The coal is mostly imported, with difficulties related to the instability of the international market price, and the freight that can be delayed, as we recently witnessed the Suez Canal blockage crisis. In addition, in late 2016, the Central Bank of Egypt decided to fully float the Egyptian Pound and the latter lost half of its value.
b) In 2014, Law No. 198 of 2014 on the Mining Wealth was issued, as amended (the Mining Law), and has drastically increased the value of the minerals and raw materials, which are essential to the cement industry. The increase reached more than 500 times the prices previously paid by the producers.
The legislator, in application of the principle of non-retroactivity of the law, explicitly stipulated that all existing contracts concluded under previous laws shall remain in force under the provisions of such laws till the expiration of the relevant licence, when the provisions of the Mining Law will prevail. The first paragraph of Article 3 of the Articles of Issuance of the Mining Law states that:
‘The quarries licences that were issued prior to the effective date of the New Mining Law as well as the terms thereof shall remain and continue to be valid and in force. However, upon renewing the said licences; the provisions stated in the New Mining Law, regarding the annual rent, royalties and research and exploitation licence fees, shall be applied.’
Furthermore, the Egyptian State Council’s General Assembly of Advising and Legislating Sections issued an advisory opinion, confirming that the increase in the value of the annual rent and royalty, introduced by the Mining Law, shall not apply on ongoing contracts, unless the parties agreed otherwise or upon renewal of the duration of the contracts.
As a consequence, the cement companies having ongoing valid contracts started to negotiate the raw materials’ cost with the competent authorities, namely the governorates, in order to reach a reasonable price for all parties involved. Unfortunately, most of said companies failed to reach an agreement thereon and some were forced to escalate the issue before the Investment Dispute Resolution Committee at the General Authority for Investment and Free Zones (GAFI).

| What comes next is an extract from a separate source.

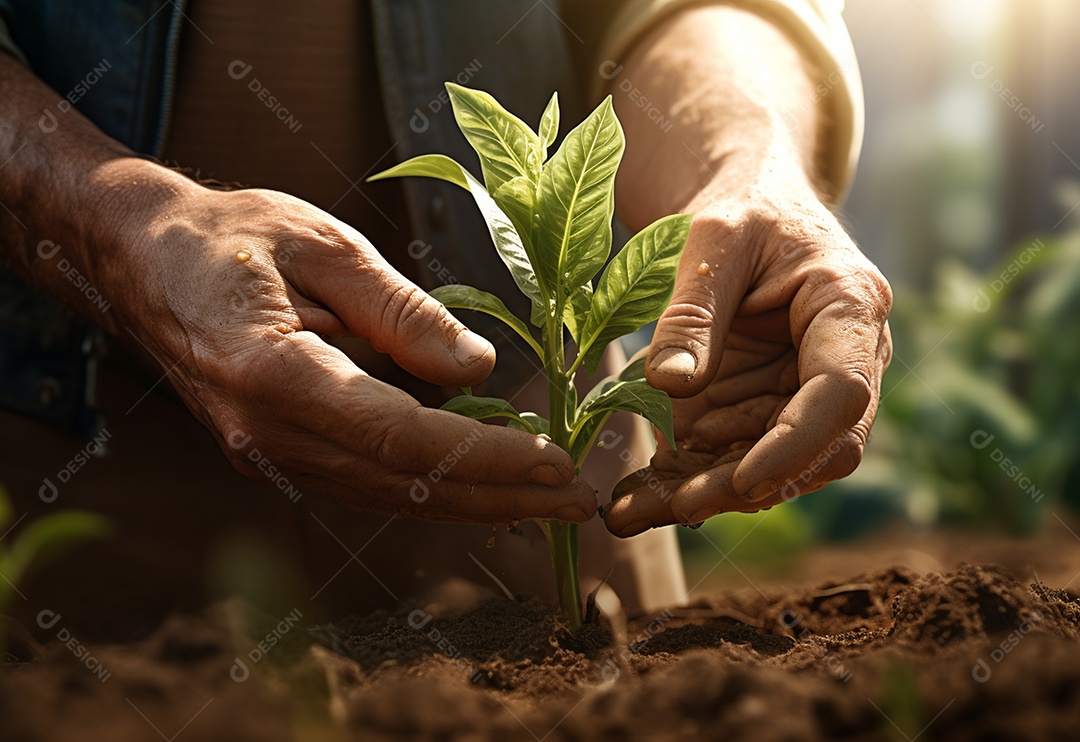 Agricultores entregam plantas de fazenda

In addition, Law No. 193 of 2020 has transferred the management and exploitation of the quarries to the Egyptian Company for Mining Management and Exploitation of Quarries and Saline, an Armed Forces related company.

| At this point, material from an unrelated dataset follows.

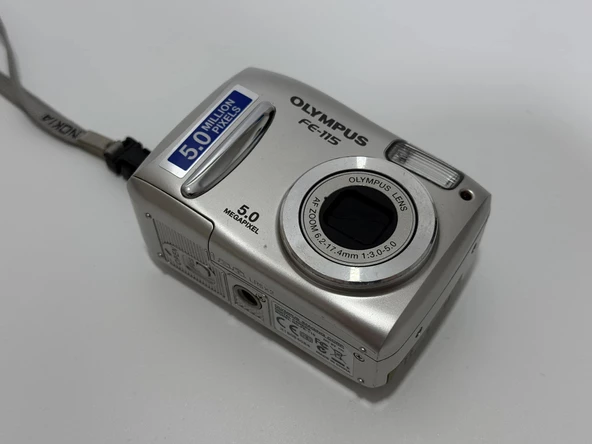 PTTAVM: Olympus FE-115 5MP Kompakt Dijital Fotoğraf Makinesi 2.El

2. Increase of the Production Capacity
In 2014, a new player joined the industry. The Egyptian government started to invest in cement plants, in order to supply the needs of the government for national projects and infrastructures and decrease the cement price.
Today, the state-owned cement companies represent around 25% of the Egyptian production capacity.
These new state-owned cement companies contributed to an over-capacity of the Egyptian cement market and therefore heavily impacted the cement price, which has dropped since then.
Unfortunately, the increase of the production cost of the cement, as explained above, had an impact on the competitiveness of Egypt in the industry and export of cement to nearby countries, essentially because the production cost in other countries is lower, as is the case in Turkey, playing today one of the leaders of the cement market in the region.
Therefore, the option of exporting the over-capacity abroad is not even considered by the Egyptian producers.
Following several meetings between the Minister of Industry and Trade and the Cement Association, the Egyptian government considers the possibility of decreasing the gas price and also decreasing the market production capacity to reach 65% of the current capacity, pro rata to each producer’s share in the market, and increasing the cement price.
However, to date, the Egyptian government did not issue any decree to resolve the said challenges and the cement producers are frustrated for the lack of any concrete decision therefrom. Many are considering decreasing their investment in Egypt and others are considering filing a case before the International Centre for Settlement of Investment Disputes (ICSID) against the Egyptian government.